Effect of gender on ethnic homophily of Jewish and Arab pupils in Israel
Eyal Erlich, Yossi Shavit, Uri ShwedThe ethnic segregation of friendship networks is a persistent fact of social life in western societies and especially in conflict-ridden societies, such as Israel. Even in an ethnically diverse field, that provides opportunities for inter-ethnic friendships, social networks tend to be ethnically segregated. In Israel, Jews and Arabs are separated in most areas of life. Nevertheless, in recent years a growing number attend mixed Arab-Jewish schools.

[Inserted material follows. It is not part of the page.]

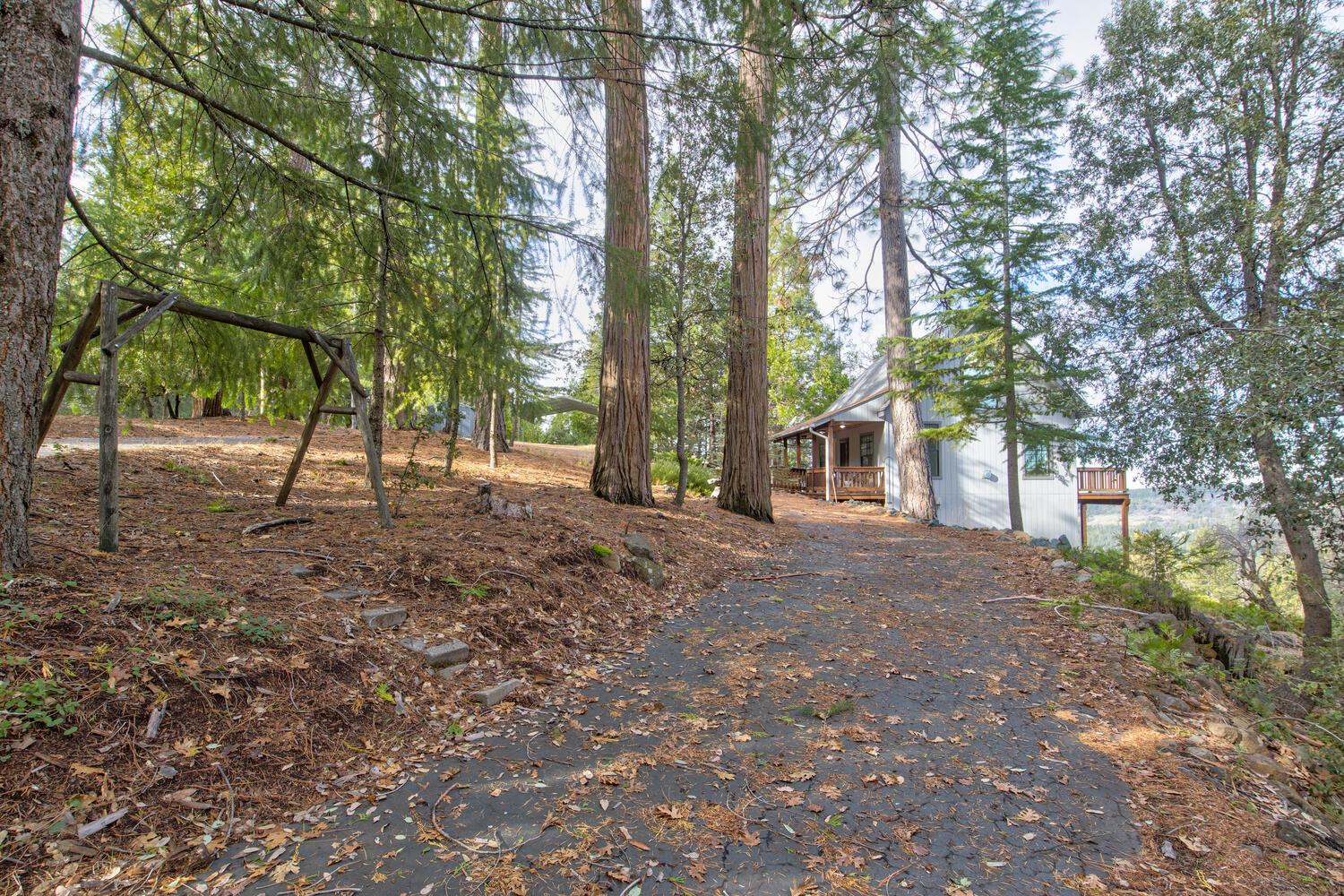 24877 Shake Ridge Road Volcano, CA 95689 - Photo 53 of 60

The individual preference for same-ethnic friendships contributes to the persistent segregation of pupils’ friendship networks. In this paper, we focus on the effect of Arabs and Jewish pupils' gender as it affects the social tendency to form homophilic ethnic friendships. Gender is a key factor of peer relationships throughout children’s development. Gender differences appear at an early age, with girls tending to have more diverse social networks than boys. However, the tendency for gender homophily varies with age. In the early years of adolescence, gender boundaries begin to blur. The number of social relationships between boys and girls increases during the children's adolescence, towards the formation of romantic relationships. Romantic relationships are characterized by stricter ethnic homophily that reflects the desire of groups to empower their ethnic identity. Yet, ethnic homophily varies by gender. In conservative societies, and particularly in Arab society in Israel, women play a key role in reproduction and maintenance for the collective identity. They are often central in ethnic and national transformation, not only in the transmission of its cultural artefacts, but also as markers of the boundaries of collectivities. Women's commitments to ethnic collectivity, among these societies, may bring them to be more restricted than boys in choosing others to associate. Hence, we expect ethnic homophily to be higher among Arab girls than among all other sub-groups.
The study consist 93 classes of 4th to 11th graders, which included at least two Arab students and two Jewish students. The students were asked to complete a questionnaire that included questions about their relationship with each of the other students in their homeroom class. Having full classroom networks, we fit exponential random graph models. These models allow to assess ethnic homophily while controlling for background, context, and network properties; they also allow to include estimators of other boundary dimensions at the student level, i.e., to assess whether similarity in identity predicts friendship.
When assessing the tendency for ethnic homophily, Jewish girls, Jewish boys and Arab boys prefer to engage with members of same ethnic group. In primary school their tendency for ethnic homophily is stronger than in middle/secondary school. Arab girls, however, tend to have homophilic relationships in middle/secondary school but not in primary school.